While the characteristically haunting sweet-sour melodies of the Beau Brummels' earlier work were still there, this was a different sort of pop music than their Autumn recordings. For all its quality, their prior songs had largely focused upon love songs, as was the case with most pop music of the period. The lyrics on Triangle were far more abstract, evoking hazy vibes and peopled with dream-like characters. There was the gypsy in "Only Dreaming Now," the "Painter of Women," "The Keeper of Time," and "The Wolf of Velvet Fortune," as well the fantasy-fiction-like destination of Elliott's favorite piece on the record, "Magic Hollow." For the first time, Elliott and Valentino wrote quite a bit of the material together, though a few of the songs were written by Elliott and his occasional songwriting collaborator Bob Durand.
The standard Beau Brummels acoustic-electric guitar blends were also embellished by crafty, varied, and sympathetic orchestration by session players such as Van Dyke Parks, who contributed the harpsichord on "Magic Hollow." The sole songs to originate outside of the group were "Old Kentucky Home," by Waronker's longtime friend Randy Newman (then yet to release his first solo album), and a fine folk-rock cover of Merle Travis's "Nine Pound Hammer." These two songs, as well as a few others, hinted strongly at a country-rock direction that would be heavily amplified on the Brummels' next LP, 1968's Bradley's Barn.
Released in an extraordinarily competitive year that saw many fine albums expanding the boundaries of rock music, Triangle's impact was light, slipping into the bottom of the Top 200 and peaking at #197. Those critics who heard it, though, were extremely impressed.

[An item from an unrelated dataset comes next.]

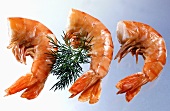Three scampi with dill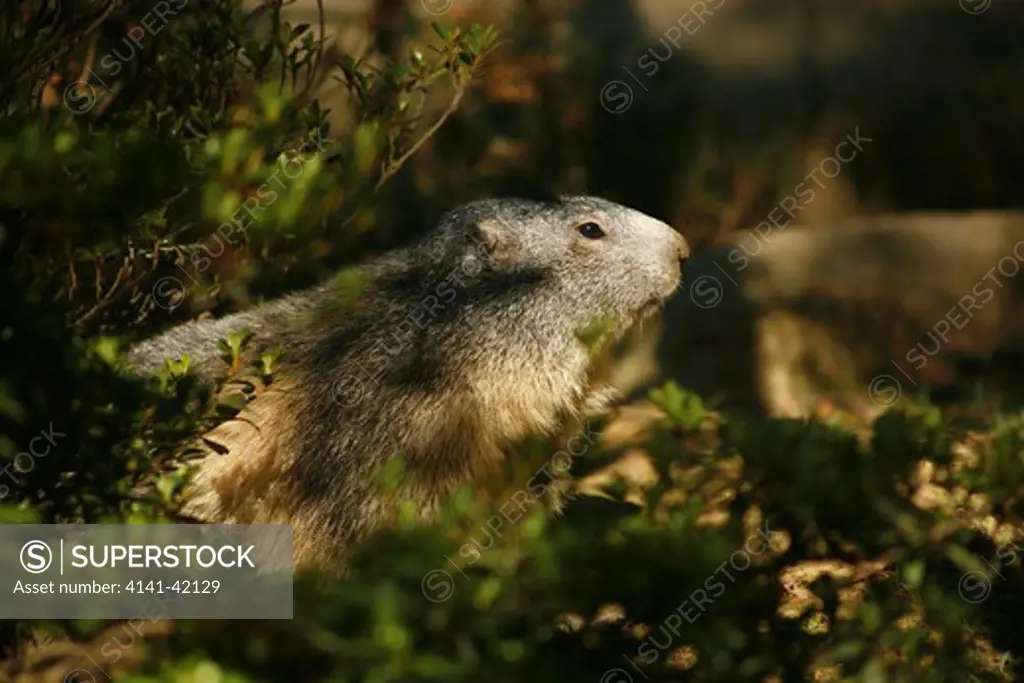 alpine marmot (marmota marmota) french pyrenees. date: 12.12.2008 ref: zb829_126210_0022 compulsory credit: nhpa/photoshot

In Crawdaddy, editor Paul Williams hailed Elliott as a "rock composer comparable to Randy Newman, Ray Davies, [and] Van Dyke Parks," and called Valentino's voice "as sensitive and expressive as any voice in rock, including Dylan's." In her Rock Encyclopedia, the first serious rock reference book, Lillian Roxon praised it as "the album that astonished everyone and blew a million minds," though the group's bank account would have been a lot fatter if it had managed to reach that many listeners. But it did make some surprising inroads into the mainstream, with enthusiastic reviews in Downbeat ("a nearly perfect rock album") and Playboy ("one of the best discs of the year").
The Beau Brummels
would not
see out the decade, worn down by personnel changes that saw them
reduced
to a duo by the time they completed their final Warners album, Bradley's
Barn. It and the Triangle LP were their sole 1960s outings
as
a serious, album-oriented rock group, and in conjunction with their
Autumn
work form a strong argument for the band as one of the finest (and
certainly
most underrated) American rock groups of the decade.